[Dataset items]
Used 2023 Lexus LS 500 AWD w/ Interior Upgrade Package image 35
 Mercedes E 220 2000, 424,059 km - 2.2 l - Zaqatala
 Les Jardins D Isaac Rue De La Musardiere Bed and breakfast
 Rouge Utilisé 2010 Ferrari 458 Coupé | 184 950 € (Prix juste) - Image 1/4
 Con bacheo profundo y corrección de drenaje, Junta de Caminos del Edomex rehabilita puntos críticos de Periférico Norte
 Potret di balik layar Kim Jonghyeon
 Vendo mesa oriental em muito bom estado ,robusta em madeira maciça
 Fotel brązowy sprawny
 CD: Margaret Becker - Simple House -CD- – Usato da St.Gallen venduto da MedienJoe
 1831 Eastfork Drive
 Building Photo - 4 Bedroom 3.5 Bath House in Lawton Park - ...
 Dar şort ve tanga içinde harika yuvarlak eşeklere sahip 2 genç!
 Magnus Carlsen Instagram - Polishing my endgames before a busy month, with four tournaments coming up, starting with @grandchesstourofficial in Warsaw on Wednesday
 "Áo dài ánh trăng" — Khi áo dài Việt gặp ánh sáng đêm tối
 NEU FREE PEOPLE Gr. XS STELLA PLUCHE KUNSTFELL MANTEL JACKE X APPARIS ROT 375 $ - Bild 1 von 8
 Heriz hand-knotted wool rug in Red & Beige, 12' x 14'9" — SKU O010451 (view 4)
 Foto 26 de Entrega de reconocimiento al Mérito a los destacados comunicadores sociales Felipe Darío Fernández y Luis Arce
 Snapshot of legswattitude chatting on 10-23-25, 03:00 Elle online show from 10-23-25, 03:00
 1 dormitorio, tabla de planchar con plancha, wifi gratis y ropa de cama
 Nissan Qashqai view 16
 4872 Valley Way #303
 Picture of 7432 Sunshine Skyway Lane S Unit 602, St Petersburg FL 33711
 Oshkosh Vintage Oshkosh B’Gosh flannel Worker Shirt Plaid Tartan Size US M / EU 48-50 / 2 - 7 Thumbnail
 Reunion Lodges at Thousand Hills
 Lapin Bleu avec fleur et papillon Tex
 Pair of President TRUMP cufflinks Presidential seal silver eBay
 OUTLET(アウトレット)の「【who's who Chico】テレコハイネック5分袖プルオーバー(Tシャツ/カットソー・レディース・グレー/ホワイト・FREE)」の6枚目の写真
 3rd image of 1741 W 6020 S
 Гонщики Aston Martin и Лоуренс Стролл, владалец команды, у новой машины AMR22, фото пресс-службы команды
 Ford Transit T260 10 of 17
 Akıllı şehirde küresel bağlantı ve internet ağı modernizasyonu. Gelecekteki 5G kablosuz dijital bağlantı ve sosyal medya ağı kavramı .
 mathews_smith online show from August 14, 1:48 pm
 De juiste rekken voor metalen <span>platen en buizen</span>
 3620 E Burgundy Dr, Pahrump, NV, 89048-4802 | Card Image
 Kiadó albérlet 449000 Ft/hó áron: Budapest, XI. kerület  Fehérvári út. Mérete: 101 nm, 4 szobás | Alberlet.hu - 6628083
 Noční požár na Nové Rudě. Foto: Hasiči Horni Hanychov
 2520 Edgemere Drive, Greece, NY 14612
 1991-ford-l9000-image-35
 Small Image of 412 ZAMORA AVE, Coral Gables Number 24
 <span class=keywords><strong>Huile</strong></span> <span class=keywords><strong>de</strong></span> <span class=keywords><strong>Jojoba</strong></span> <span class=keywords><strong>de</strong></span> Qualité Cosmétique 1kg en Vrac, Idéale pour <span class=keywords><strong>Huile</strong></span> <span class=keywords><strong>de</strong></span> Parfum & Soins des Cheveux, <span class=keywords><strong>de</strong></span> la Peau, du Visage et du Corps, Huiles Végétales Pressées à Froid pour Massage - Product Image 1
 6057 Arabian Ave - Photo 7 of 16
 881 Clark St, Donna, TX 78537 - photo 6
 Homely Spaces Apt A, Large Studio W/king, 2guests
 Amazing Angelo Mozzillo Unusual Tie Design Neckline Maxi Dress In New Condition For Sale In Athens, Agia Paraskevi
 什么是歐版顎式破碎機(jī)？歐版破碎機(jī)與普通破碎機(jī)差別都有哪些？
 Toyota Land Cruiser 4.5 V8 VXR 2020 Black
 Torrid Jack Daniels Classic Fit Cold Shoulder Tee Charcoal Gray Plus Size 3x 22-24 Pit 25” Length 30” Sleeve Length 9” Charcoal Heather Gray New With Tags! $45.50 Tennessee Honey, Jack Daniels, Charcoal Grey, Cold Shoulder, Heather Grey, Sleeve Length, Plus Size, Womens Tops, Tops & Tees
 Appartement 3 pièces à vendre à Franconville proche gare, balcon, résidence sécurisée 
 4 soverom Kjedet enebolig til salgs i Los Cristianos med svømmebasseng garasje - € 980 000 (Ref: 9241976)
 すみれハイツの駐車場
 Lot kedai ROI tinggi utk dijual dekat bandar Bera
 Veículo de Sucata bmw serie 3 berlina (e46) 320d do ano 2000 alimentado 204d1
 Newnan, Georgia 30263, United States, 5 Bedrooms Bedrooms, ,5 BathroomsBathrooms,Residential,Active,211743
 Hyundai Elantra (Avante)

• **Work required**: In how many lines of the records does the word "view" appear? Give the number alone.

• **Solution below**: 2